The Great Southern Continent
By TEIXEIRA, Luis, 1604
Magna Orbis Terrarum Nova universalis et accurata tabula Geographica ac Hydrographica deli nata in hauc ajcrem formam manu celeberrimi regiae Majesatis cosmographi Ludovici Texeirae.
Dedication: Serenissimae Isabellae Clarae Eugeniae Hispan. Infanti. Belg. Principi, Sereniss. Alberti Archid Austriae Ducis Burgindiae Brae. &c. Coniugi Charissime. Joannes Baptista Vrints Antwerpia nus, hanc Ludovici Tesseirae Cosmographi Hispaniarum Regum Longi Peritissimi Mappam Generalem D.D. Anno a Christo Nato 1604.
- Author: TEIXEIRA, Luis
- Publication place: Antwerpiae
- Publisher: apud Joannem Baptistam Vrient
- Publication date: 1604.
- Physical description: Engraved map, printed on twelve sheets, above four sheet letterpress description annotated with several woodcut animals, with fine CONTEMPORARY HAND-COLOUR HEIGHTENED GOLD, trimmed to neat lines, laid on linen, extensive areas of restoration. A full conservation report is available on request.
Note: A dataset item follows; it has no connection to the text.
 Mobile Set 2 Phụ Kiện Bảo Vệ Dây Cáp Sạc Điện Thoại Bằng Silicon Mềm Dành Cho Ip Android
- Dimensions: 1670 by 2970mm. (65.75 by 117 inches).
- Inventory reference: 11396
The present map draws on the cartography of Luis Teixeira (fl.1564–1613) — whose name appears in the large pasted title — a Portuguese cartographer from a famous mapmaking dynasty. He worked in Lisbon and the Portuguese colonies, but was also a friend of and collaborator with Dutch cartographers, contributing a map of Japan to Abraham Ortelius’ atlas. Ortelius and Cornelis Claesz published five of his maps between them, and all were specifically advertised as based on his work, indicating that he was highly respected in Amsterdam.
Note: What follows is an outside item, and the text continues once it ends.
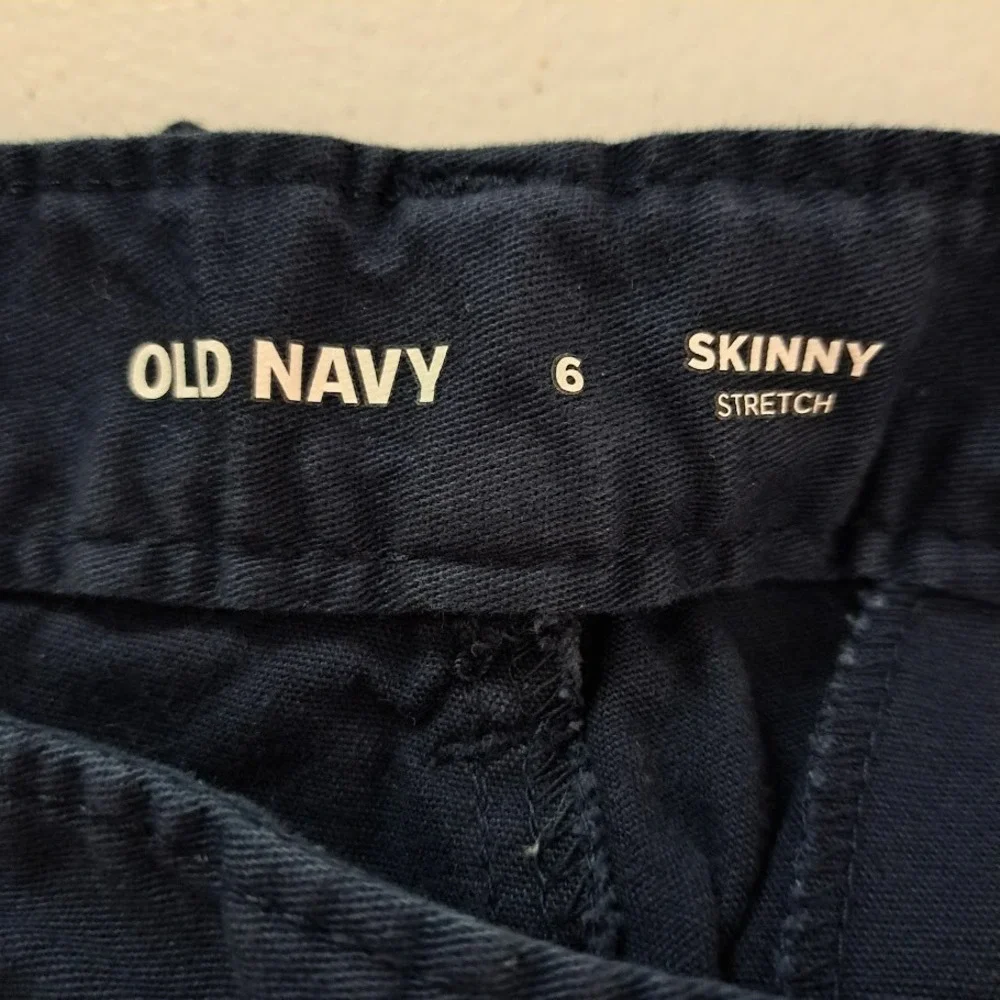 Old Navy Skinny Stretch Chinos, Juniors 6, Navy‎ Blue - Old Navy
The map is based upon a simple cylindrical projection and follows very closely the 1592 wall map drawn by Petrus Plancius, “a milestone in the emergence of Dutch cartography [and] the first large wall map of the world to be published in the north” (Schilder). The work was engraved by Baptista and Jan van Doetecum and is known only in a single extant example: that in the Colegio del Corpus Cristi in Valencia, Spain. Plancius drew heavily on Mercator’s 1569 world map, as well as contemporary manuscript maps by the Portuguese cartographers Pedro de Lemos and Bartolomeo de Lasso. The present Teixeira map shows a number of significant improvements over Plancius’ prototype: the redrawing of Guiana following Sir Walter Raleigh’s exploration of 1595; the insertion of the Davis Strait, Novaya Zemblya, and the tributaries of the Congo; and amendments to the southern parts of South America and Africa. This updated geographical information was derived from accounts of voyages collected by Linschoten, De Bry, Hulsius, Claesz and others.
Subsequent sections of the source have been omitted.